1

I searched a lot but I couldn't find anything.

Does 'a' sounds /æ/?    Or   Does 'b' sounds /bə/?

If you want to teach kids the letter 'a' would you say:

The picture of this sound is this => 'a'

It's name is /eɪ/ and it sounds /æ/ like apple

It could also sound it's name like Bake

-- My questions:

Is the way above correct for teaching? I mean does 'a' sound /æ/ by default?

Is there a complete list on internet? for example 'w' sound /wə/

  • Often, English letters make sounds in groups rather than as single letters. These may be called "phonograms." – herisson Oct 12 '16 at 11:04
  • As a very, very, very general guideline, <a> /ə/ when unstressed, /æ/ when stressed and followed by two or more consonants in spelling (or one consonant at the word's end), and /eɪ/ when stressed and followed by one consonant then a vowel. – J. Siebeneichler Oct 12 '16 at 14:38
  • For teaching children the alphabet, there are many books, flash cards, videos and such that have exactly the kind of information you describe; A is for apple is indeed probably the most universal example across all of these (it's not totally universal, since it doesn't necessarily fit the theme/rhyme etc.). You could look at some of these to get ideas for teaching. Just remember that, as suggested in the answer below, these simplified versions for kids and babies won't fully represent the ways the 26 letters of the alphabet are actually used in (adult) English. – 1006a Oct 12 '16 at 19:16
5

It’s really the other way around. Depending on dialect, and how you count, English has up to 27 different vowel sounds (phonemes), but only 5–6 letters to represent them (sometimes alone, sometimes in combination). Similarly, there are 24 consonant sounds, but only 21 letters to represent them.
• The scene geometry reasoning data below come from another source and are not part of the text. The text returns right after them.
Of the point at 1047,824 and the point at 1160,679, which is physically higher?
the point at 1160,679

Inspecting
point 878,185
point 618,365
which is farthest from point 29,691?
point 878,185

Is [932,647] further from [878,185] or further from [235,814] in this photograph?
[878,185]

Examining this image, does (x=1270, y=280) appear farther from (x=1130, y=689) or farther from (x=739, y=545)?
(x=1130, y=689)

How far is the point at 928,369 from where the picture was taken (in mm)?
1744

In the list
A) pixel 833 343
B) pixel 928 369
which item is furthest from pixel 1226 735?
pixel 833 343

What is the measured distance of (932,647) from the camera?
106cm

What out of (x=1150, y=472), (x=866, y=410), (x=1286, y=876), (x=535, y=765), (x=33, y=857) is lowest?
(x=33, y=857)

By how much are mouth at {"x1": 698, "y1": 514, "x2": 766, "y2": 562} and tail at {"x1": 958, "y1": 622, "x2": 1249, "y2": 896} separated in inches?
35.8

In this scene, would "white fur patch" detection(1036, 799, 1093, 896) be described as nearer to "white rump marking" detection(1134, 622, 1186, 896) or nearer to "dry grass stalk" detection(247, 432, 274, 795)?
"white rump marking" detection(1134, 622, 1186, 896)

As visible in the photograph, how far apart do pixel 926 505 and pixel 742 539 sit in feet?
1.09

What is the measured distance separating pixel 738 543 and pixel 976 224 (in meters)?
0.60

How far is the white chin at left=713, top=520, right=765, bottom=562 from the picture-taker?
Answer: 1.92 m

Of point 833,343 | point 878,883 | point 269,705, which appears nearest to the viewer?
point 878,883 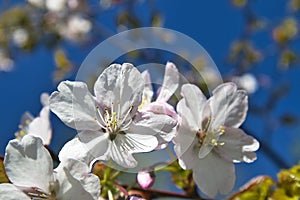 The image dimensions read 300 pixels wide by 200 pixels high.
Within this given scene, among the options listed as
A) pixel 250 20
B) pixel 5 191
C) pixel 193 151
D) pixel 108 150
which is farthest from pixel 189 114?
pixel 250 20

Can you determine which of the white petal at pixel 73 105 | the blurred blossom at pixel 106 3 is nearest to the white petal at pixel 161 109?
the white petal at pixel 73 105

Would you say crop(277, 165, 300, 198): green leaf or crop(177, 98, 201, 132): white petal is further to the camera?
crop(277, 165, 300, 198): green leaf

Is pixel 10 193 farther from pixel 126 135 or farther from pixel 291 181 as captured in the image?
pixel 291 181

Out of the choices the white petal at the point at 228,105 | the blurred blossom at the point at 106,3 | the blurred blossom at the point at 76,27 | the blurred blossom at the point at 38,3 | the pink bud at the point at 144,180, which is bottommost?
the pink bud at the point at 144,180

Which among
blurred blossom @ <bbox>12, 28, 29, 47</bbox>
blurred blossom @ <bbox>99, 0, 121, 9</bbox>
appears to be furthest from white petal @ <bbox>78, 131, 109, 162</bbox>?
blurred blossom @ <bbox>12, 28, 29, 47</bbox>

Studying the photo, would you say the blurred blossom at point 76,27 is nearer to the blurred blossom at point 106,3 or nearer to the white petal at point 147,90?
the blurred blossom at point 106,3

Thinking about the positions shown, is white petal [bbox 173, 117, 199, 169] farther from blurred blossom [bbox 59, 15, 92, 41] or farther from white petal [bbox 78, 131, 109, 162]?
blurred blossom [bbox 59, 15, 92, 41]

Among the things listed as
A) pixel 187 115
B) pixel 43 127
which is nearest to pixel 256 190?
pixel 187 115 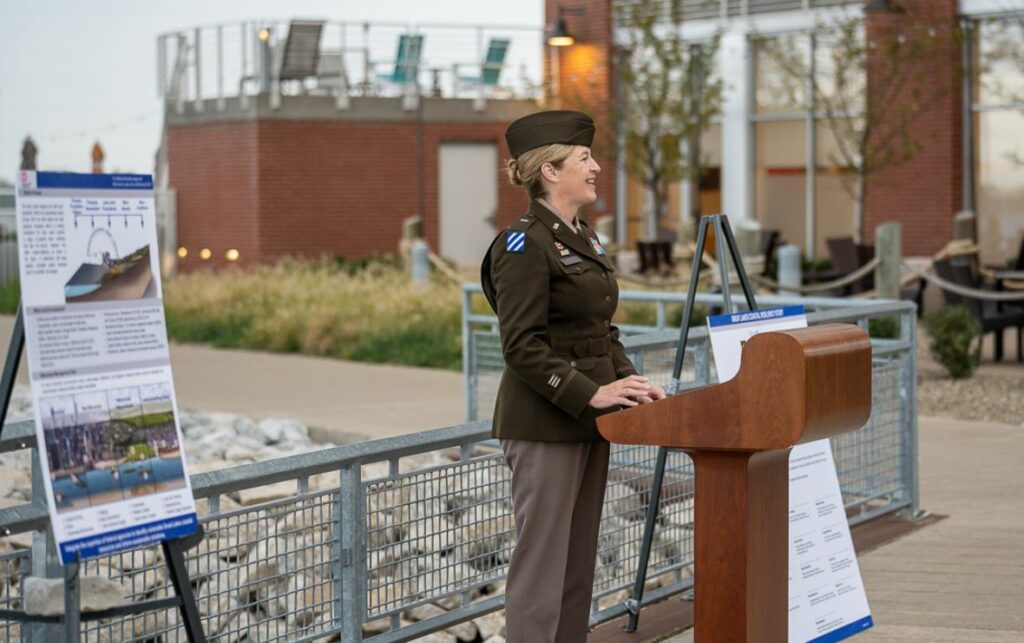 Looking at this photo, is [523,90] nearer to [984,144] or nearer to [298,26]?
[298,26]

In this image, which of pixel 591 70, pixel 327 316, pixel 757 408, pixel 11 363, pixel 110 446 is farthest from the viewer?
pixel 591 70

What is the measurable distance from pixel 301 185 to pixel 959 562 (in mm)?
21604

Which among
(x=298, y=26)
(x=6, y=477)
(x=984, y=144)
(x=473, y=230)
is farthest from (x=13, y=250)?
(x=6, y=477)

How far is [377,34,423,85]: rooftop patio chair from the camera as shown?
28031mm

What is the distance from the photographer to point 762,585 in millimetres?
Answer: 4648

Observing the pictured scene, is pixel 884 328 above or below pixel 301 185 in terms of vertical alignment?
below

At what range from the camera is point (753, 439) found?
430 cm

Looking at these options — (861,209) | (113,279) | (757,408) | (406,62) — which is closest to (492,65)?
(406,62)

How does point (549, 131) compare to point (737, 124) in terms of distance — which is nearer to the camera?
point (549, 131)

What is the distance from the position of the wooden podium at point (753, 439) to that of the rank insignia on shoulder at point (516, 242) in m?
0.52

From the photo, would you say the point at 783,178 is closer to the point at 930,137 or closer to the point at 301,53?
the point at 930,137

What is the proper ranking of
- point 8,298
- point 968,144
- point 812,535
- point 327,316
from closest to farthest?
point 812,535 → point 327,316 → point 8,298 → point 968,144

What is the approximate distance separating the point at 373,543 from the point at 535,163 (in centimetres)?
149

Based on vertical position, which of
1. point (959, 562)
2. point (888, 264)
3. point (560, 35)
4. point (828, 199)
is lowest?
point (959, 562) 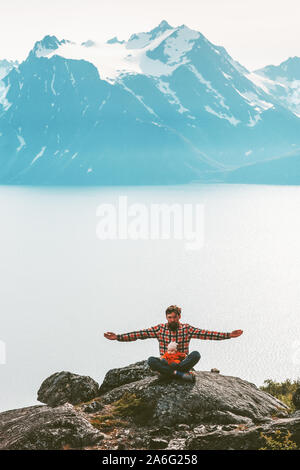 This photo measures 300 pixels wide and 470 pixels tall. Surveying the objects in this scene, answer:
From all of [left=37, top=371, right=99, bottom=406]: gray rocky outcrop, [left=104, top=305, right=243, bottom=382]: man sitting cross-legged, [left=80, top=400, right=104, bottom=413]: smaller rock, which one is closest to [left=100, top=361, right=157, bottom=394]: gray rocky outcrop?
[left=37, top=371, right=99, bottom=406]: gray rocky outcrop

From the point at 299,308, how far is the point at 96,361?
43.6 meters

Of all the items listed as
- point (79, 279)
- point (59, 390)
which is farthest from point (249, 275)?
point (59, 390)

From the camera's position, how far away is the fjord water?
230 ft

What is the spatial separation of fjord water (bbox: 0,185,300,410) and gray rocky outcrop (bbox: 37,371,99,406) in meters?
41.6

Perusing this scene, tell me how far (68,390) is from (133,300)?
83304 millimetres

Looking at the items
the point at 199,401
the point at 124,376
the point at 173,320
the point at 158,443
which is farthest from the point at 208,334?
the point at 124,376

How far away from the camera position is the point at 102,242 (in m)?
168

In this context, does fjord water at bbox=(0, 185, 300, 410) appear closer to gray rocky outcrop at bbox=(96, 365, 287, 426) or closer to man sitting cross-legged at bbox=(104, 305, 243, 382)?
gray rocky outcrop at bbox=(96, 365, 287, 426)

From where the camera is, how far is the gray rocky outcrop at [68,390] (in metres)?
17.7

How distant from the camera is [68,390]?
59.2 feet

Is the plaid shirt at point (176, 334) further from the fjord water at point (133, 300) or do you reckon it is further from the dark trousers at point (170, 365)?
the fjord water at point (133, 300)

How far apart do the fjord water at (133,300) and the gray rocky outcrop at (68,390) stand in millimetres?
41589

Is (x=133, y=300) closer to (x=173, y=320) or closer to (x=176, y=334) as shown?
(x=176, y=334)

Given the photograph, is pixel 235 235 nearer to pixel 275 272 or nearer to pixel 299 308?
pixel 275 272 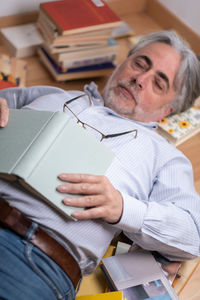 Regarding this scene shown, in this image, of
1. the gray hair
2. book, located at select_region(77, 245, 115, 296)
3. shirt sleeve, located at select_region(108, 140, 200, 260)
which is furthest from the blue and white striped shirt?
the gray hair

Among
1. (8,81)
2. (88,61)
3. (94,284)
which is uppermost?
(88,61)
What this means is that any given letter may be pronounced in multiple ways, depending on the word or context. For example, the letter A represents different sounds in the words TRAP, BATH, PALM, FACE, START, and SQUARE (though some will be the same, depending on dialect).

The closest thing to what you are looking for is probably the “spelling-to-sound correspondences” section of the Wikipedia article on English orthography. The article on English phonology may also be helpful.